_Problem to solve:_ Your answer should hold exactly the lines from the line containing "Aries Sticker" through the end of the entries that follow.

_Task material:_
________________________________________
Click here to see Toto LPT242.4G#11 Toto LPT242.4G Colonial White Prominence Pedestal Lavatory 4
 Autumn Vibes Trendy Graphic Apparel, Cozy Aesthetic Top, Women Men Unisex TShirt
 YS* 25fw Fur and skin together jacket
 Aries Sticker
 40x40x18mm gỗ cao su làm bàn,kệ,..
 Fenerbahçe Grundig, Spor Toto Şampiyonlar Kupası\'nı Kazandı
________________________________________
_Solved problem:_
 Aries Sticker
 40x40x18mm gỗ cao su làm bàn,kệ,..
 Fenerbahçe Grundig, Spor Toto Şampiyonlar Kupası\'nı Kazandı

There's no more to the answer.